Les mots vont, viennent et s’éloignent, tournent comme des feuilles poussées par la rafale, comme une musique qui frappe au corps et fait chanceler. Robert Lalonde, avec ses grandes échappées farcies de brume et de couchers de soleil, vous ligote du premier mot à la dernière ligne. Je me sens aussi plus vivant à suivre ce détrousseur de questions qui piaffe entre deux projets d’écriture, une aventure théâtrale ou une rencontre un peu étonnante. Les blessures de l’enfance refont surface, les moments où le petit garçon imaginait qu’il pouvait échapper à la lourdeur des jours et nager dans les étoiles, les paroles du père qui ont laissé des cicatrices.
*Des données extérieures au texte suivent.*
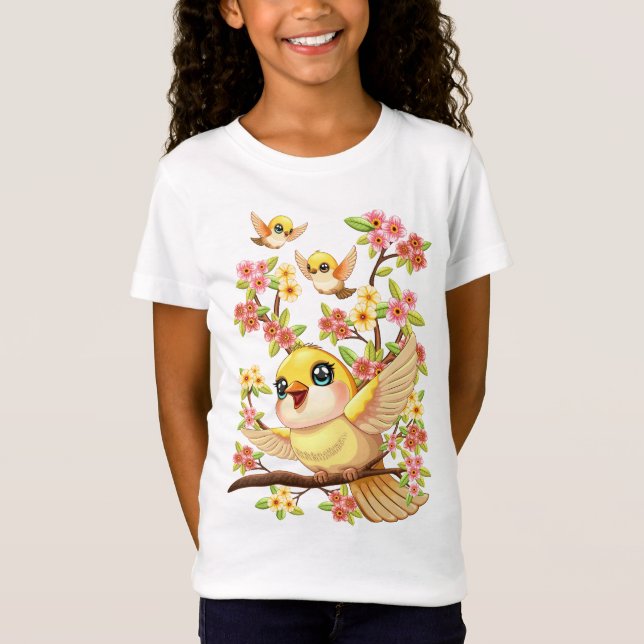 Niedliche und glückliche Vögel unter Frühlingsblum T-Shirt (Vorderseite)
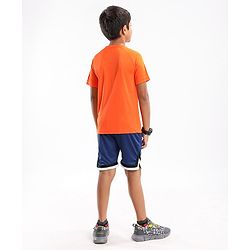 Pine Active Half Sleeves Tee Text Print - Orange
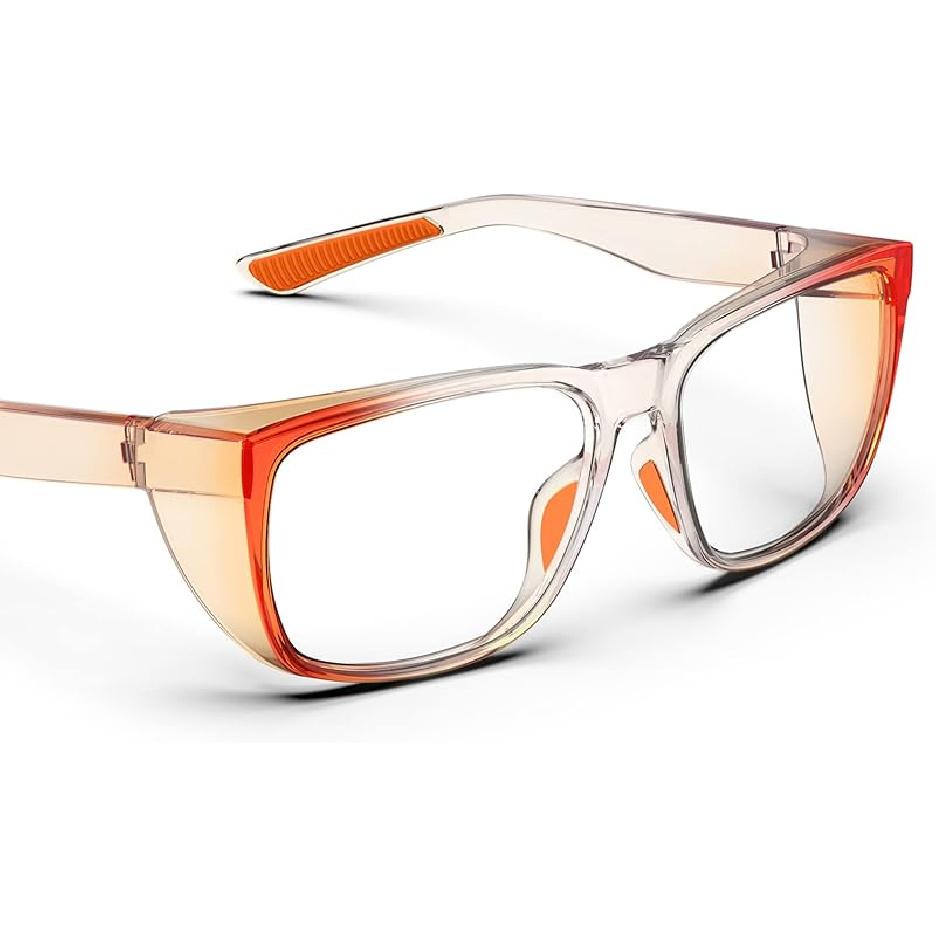 TOREGE Safety Glasses, Stylish Safety Goggles Eye Protection Anti-Fog & Scratch Resistant With Anti-Blue Light Lenses For Men Gradient Orange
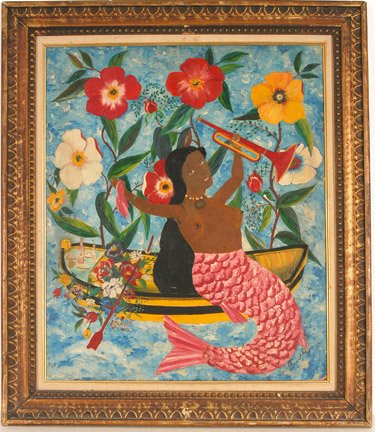 Fernand Pierre. Mermaid.: Oil on masonite. 20" x 24". Frame is 25.5" x 29.5". Small chip in masonite in lower right corner. Est. $1,000-2,000. Ship: $45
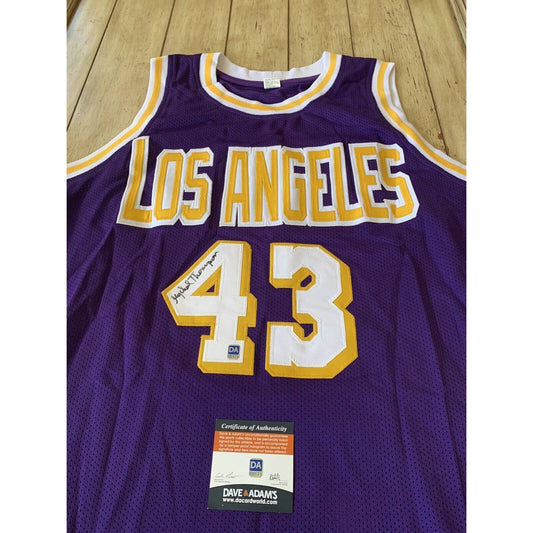 Mychal Thompson Autographed/Signed Jersey COA Los Angeles Lakers LA - TreasuresEvolved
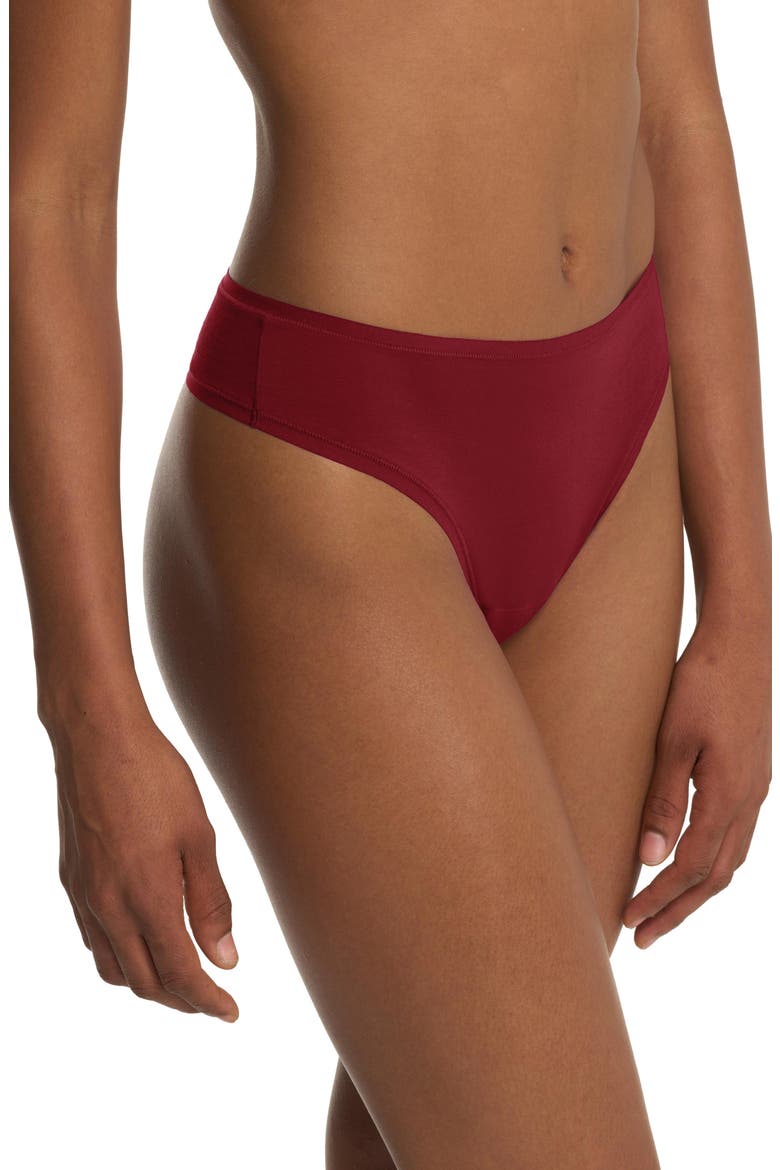 Bliss Bare Cotton Thong, Alternate, color, DK RED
Un livre d’une finesse remarquable, un ouvrage d’une qualité exceptionnelle. L’écrivain se livre comme rarement un écrivain le fait. Comment ligoter la vie et parvenir à savoir pourquoi il n’y a que des questions.
Robert Lalonde se fait encore une fois magicien.
«Lire, écrire, c’est là toute l’omniprésence, toute l’omnipotence  dont je suis capable. Le cœur battant, les yeux ouverts, les oreilles dépliées, le nez bien débouché: voir et surtout faire voir, c’est cela l’ouvrage de l’écrivailleur.»  (p.135 )

«Iotékha’» de Robert Lalond est publié par les Éditions du Boréal.